▶ **YOUR TASK**: Return each line below exactly as it reads, and omit any image in it.

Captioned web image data
--
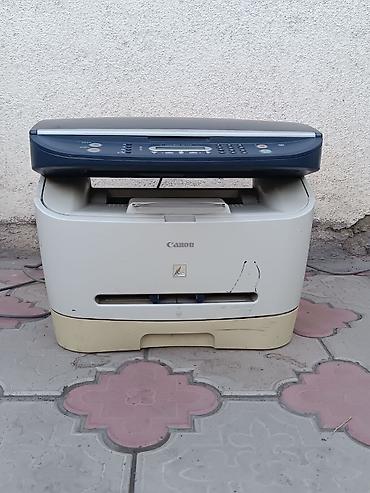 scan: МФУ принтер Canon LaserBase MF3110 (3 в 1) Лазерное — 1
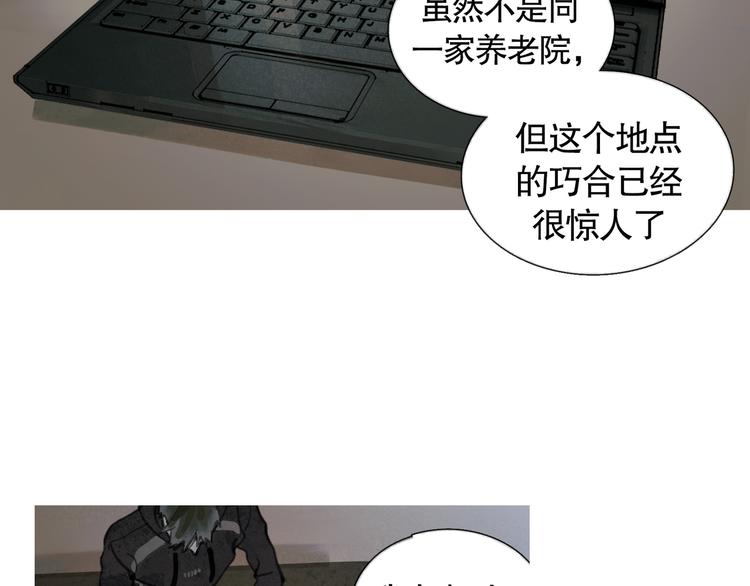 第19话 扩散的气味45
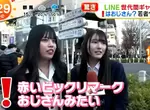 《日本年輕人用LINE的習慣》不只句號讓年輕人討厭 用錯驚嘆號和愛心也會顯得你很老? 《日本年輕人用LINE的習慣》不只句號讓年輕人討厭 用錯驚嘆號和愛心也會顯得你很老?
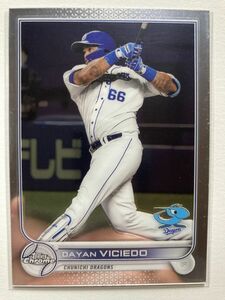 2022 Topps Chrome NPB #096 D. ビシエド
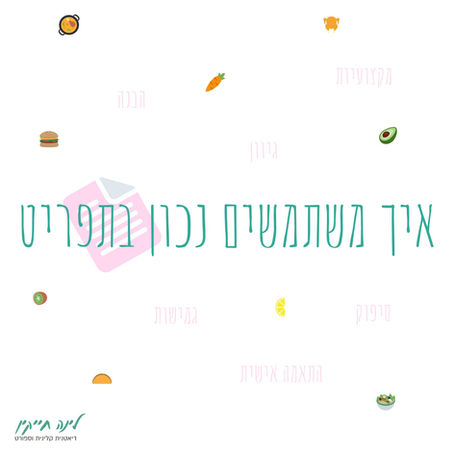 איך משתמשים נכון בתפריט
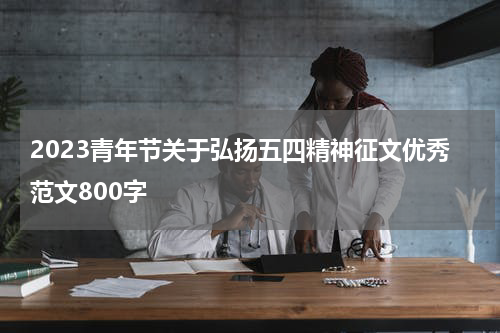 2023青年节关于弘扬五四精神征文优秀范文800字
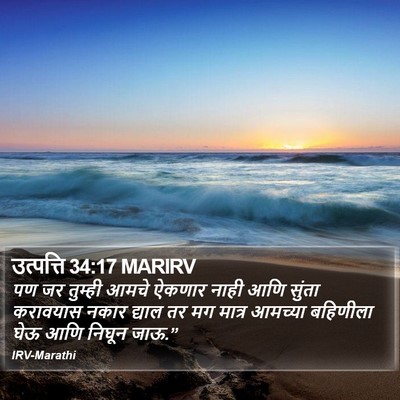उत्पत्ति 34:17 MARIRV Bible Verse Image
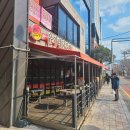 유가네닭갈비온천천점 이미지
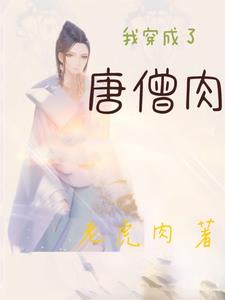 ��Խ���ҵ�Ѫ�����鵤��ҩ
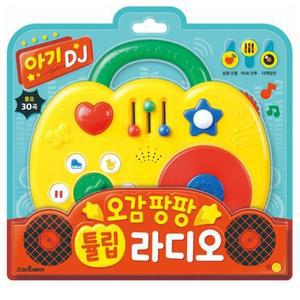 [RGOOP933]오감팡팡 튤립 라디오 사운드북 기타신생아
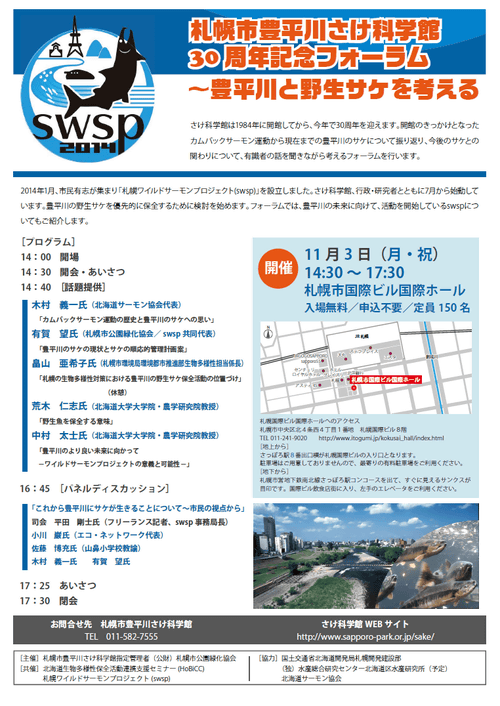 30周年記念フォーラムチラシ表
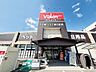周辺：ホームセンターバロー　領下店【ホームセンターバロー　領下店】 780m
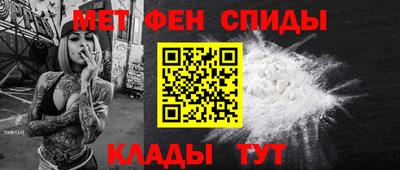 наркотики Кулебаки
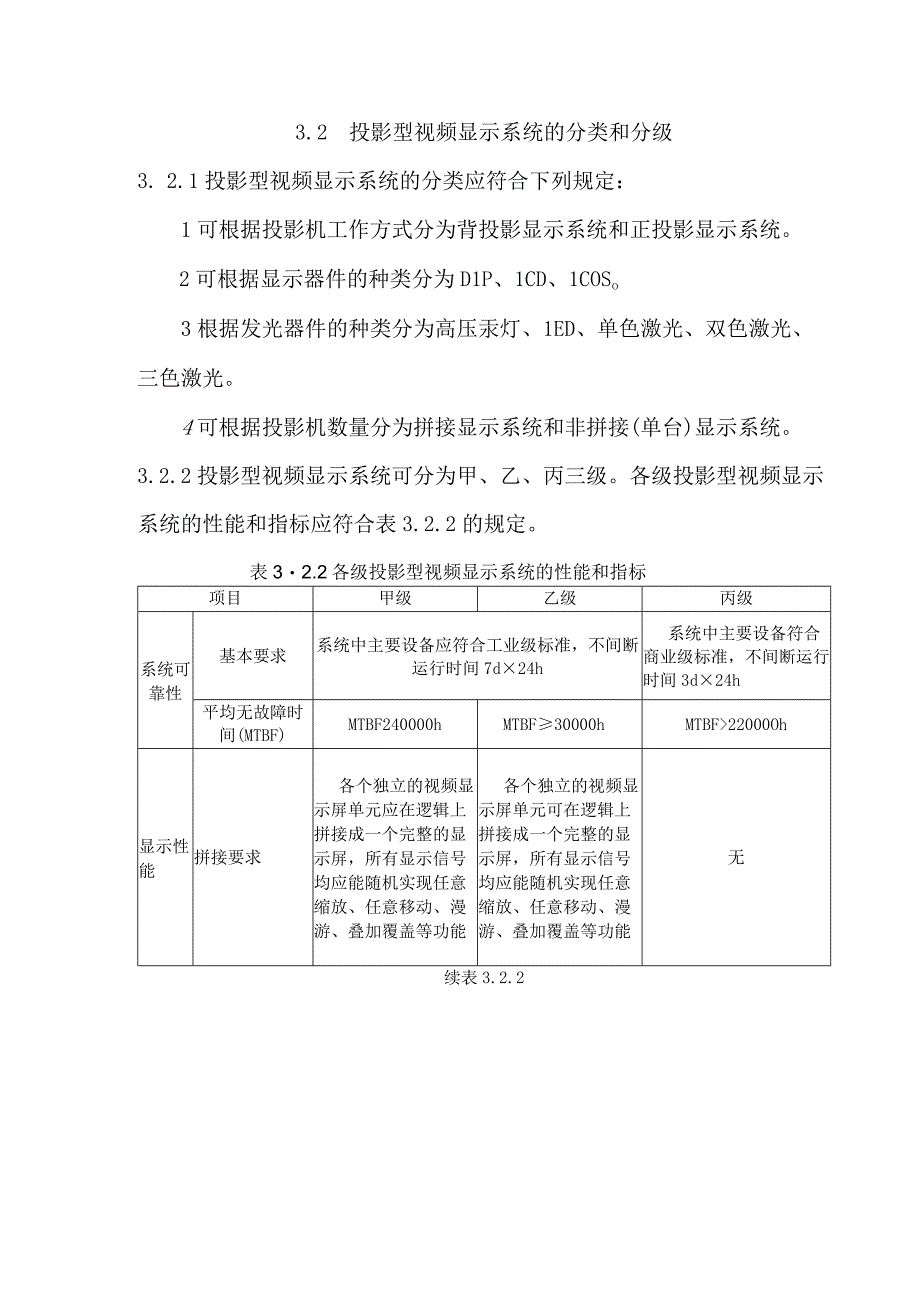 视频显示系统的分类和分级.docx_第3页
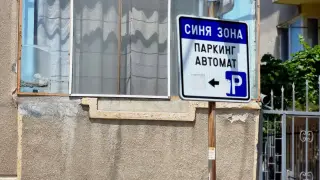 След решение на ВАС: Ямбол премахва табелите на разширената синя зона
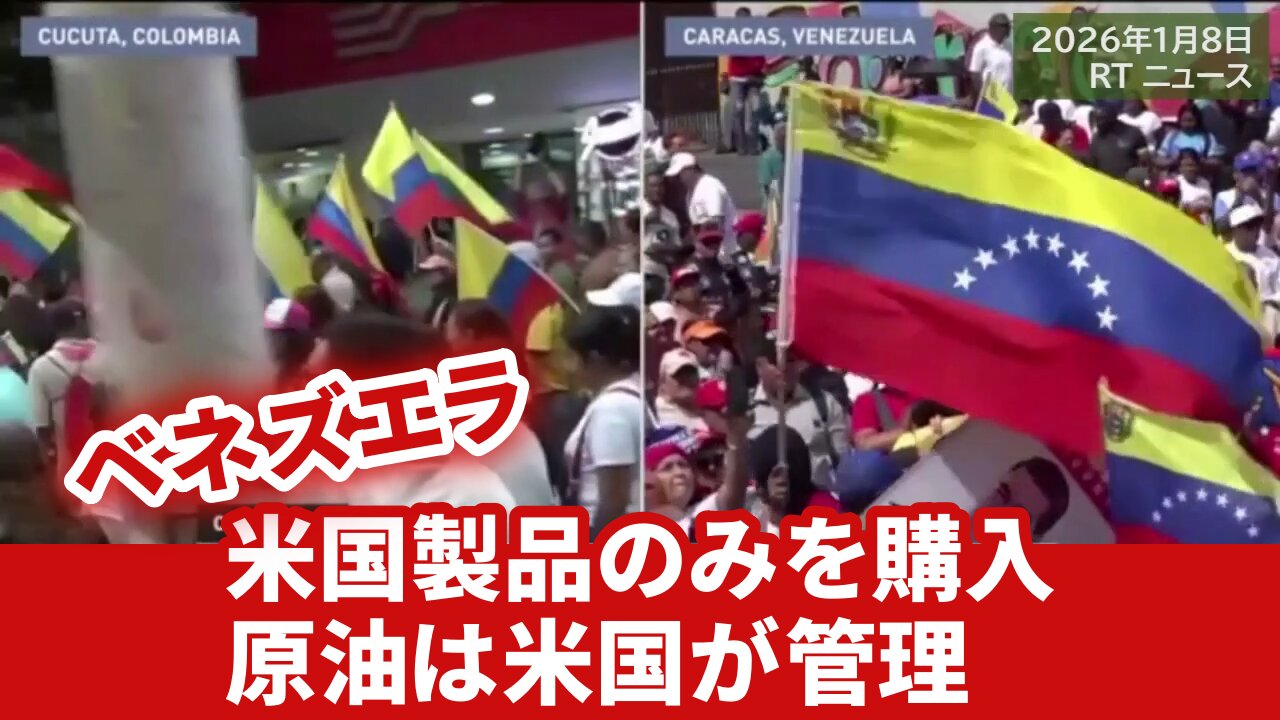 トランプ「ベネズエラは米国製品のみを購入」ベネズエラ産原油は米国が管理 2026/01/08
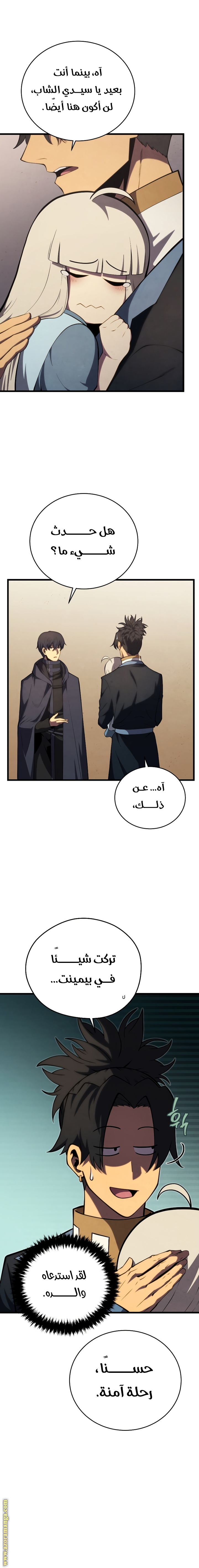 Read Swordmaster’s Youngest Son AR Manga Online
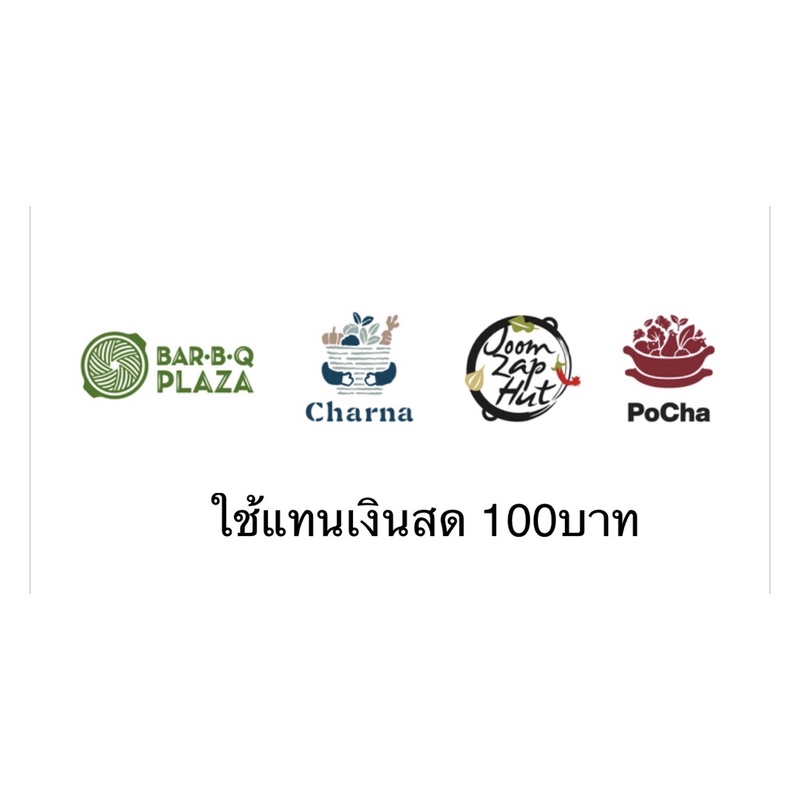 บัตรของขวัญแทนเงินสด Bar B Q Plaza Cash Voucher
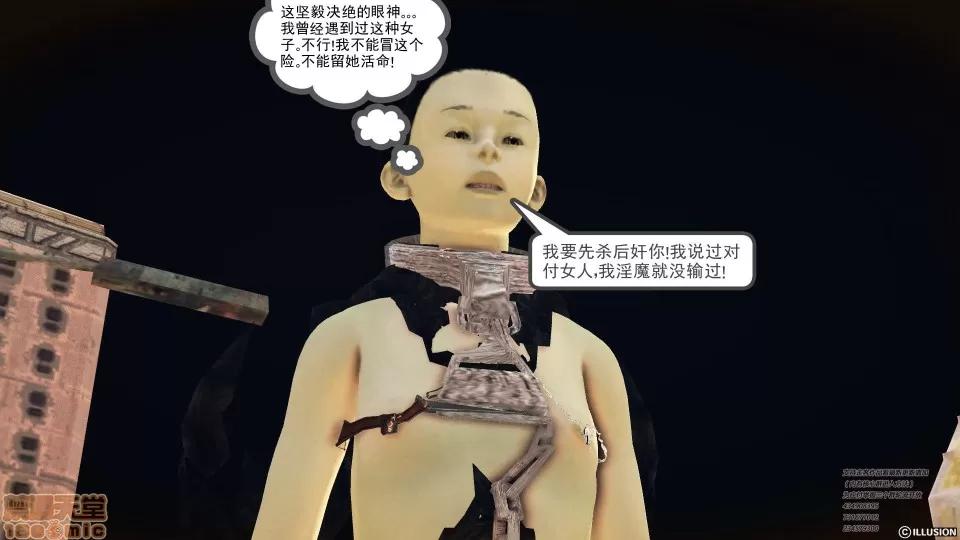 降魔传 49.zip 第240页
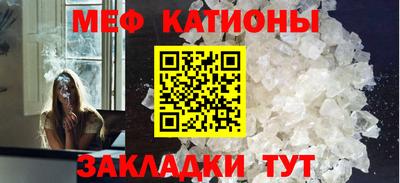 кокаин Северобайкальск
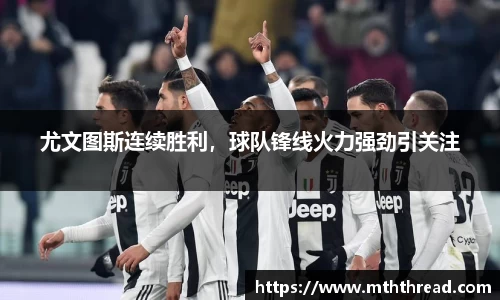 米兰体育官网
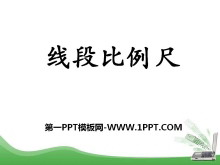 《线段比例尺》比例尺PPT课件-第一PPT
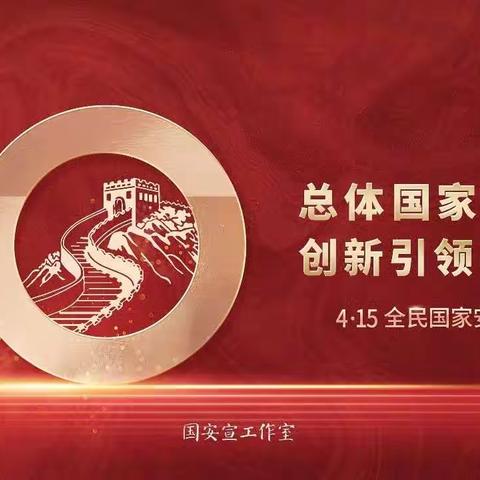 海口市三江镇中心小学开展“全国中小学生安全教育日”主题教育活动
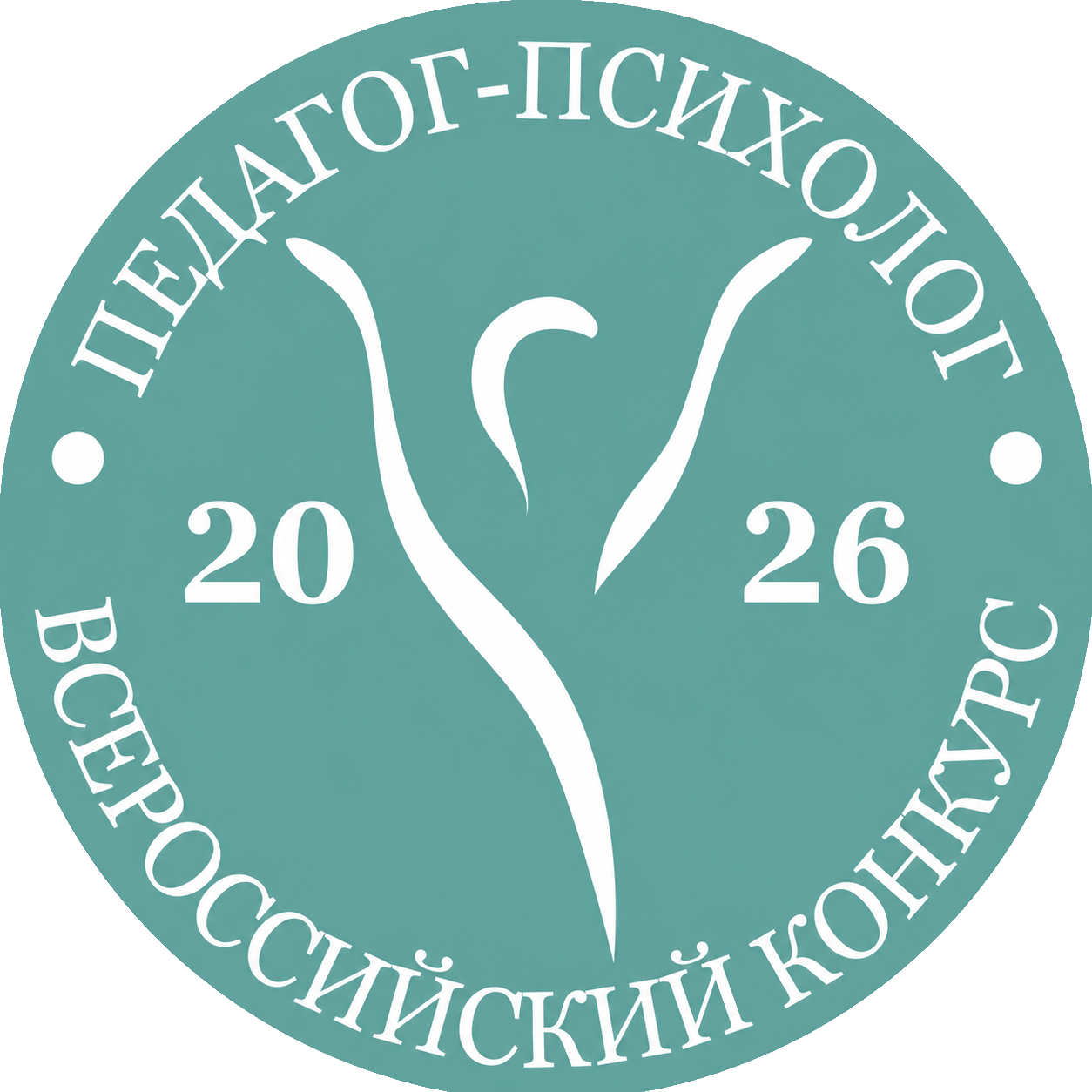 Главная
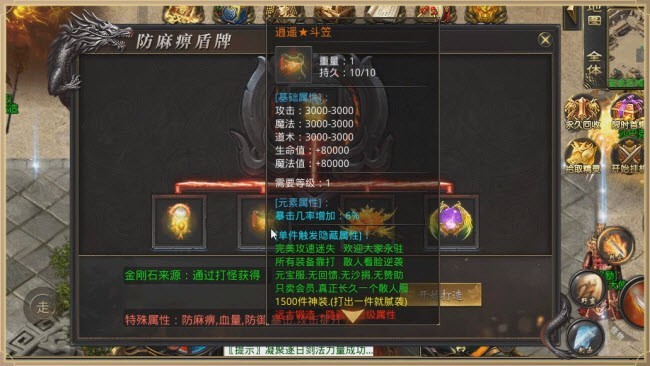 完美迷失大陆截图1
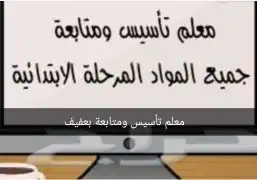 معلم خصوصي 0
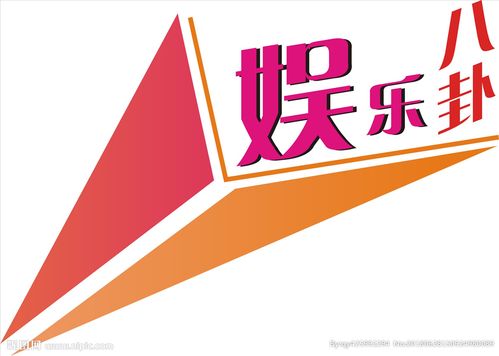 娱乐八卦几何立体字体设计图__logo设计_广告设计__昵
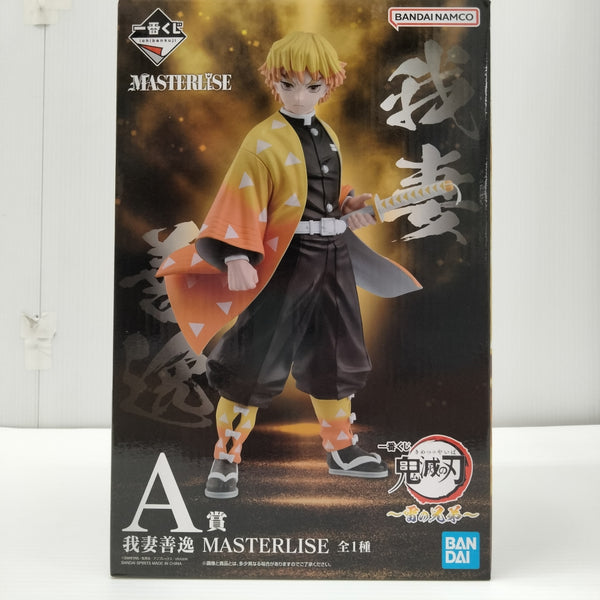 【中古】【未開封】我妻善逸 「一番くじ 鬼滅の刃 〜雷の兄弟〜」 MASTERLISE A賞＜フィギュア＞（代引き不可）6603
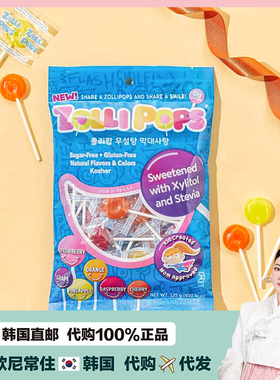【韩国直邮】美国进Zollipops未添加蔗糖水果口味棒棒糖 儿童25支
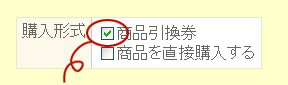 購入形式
--
▶ **RESPONSE FOR THIS EXERCISE**:
 scan: МФУ принтер Canon LaserBase MF3110 (3 в 1) Лазерное — 1
 第19话 扩散的气味45
 《日本年輕人用LINE的習慣》不只句號讓年輕人討厭 用錯驚嘆號和愛心也會顯得你很老? 《日本年輕人用LINE的習慣》不只句號讓年輕人討厭 用錯驚嘆號和愛心也會顯得你很老?
 2022 Topps Chrome NPB #096 D. ビシエド
 איך משתמשים נכון בתפריט
 2023青年节关于弘扬五四精神征文优秀范文800字
उत्पत्ति 34:17 MARIRV Bible Verse Image
 유가네닭갈비온천천점 이미지
 ��Խ���ҵ�Ѫ�����鵤��ҩ
 [RGOOP933]오감팡팡 튤립 라디오 사운드북 기타신생아
 30周年記念フォーラムチラシ表
周辺：ホームセンターバロー　領下店【ホームセンターバロー　領下店】 780m
 наркотики Кулебаки
 视频显示系统的分类和分级.docx_第3页
 След решение на ВАС: Ямбол премахва табелите на разширената синя зона
 トランプ「ベネズエラは米国製品のみを購入」ベネズエラ産原油は米国が管理 2026/01/08
 Read Swordmaster’s Youngest Son AR Manga Online
 บัตรของขวัญแทนเงินสด Bar B Q Plaza Cash Voucher
 降魔传 49.zip 第240页
 кокаин Северобайкальск
 米兰体育官网
 《线段比例尺》比例尺PPT课件-第一PPT
 海口市三江镇中心小学开展“全国中小学生安全教育日”主题教育活动
 Главная
 完美迷失大陆截图1
 معلم خصوصي 0
 娱乐八卦几何立体字体设计图__logo设计_广告设计__昵
 【中古】【未開封】我妻善逸 「一番くじ 鬼滅の刃 〜雷の兄弟〜」 MASTERLISE A賞＜フィギュア＞（代引き不可）6603
【韩国直邮】美国进Zollipops未添加蔗糖水果口味棒棒糖 儿童25支
 購入形式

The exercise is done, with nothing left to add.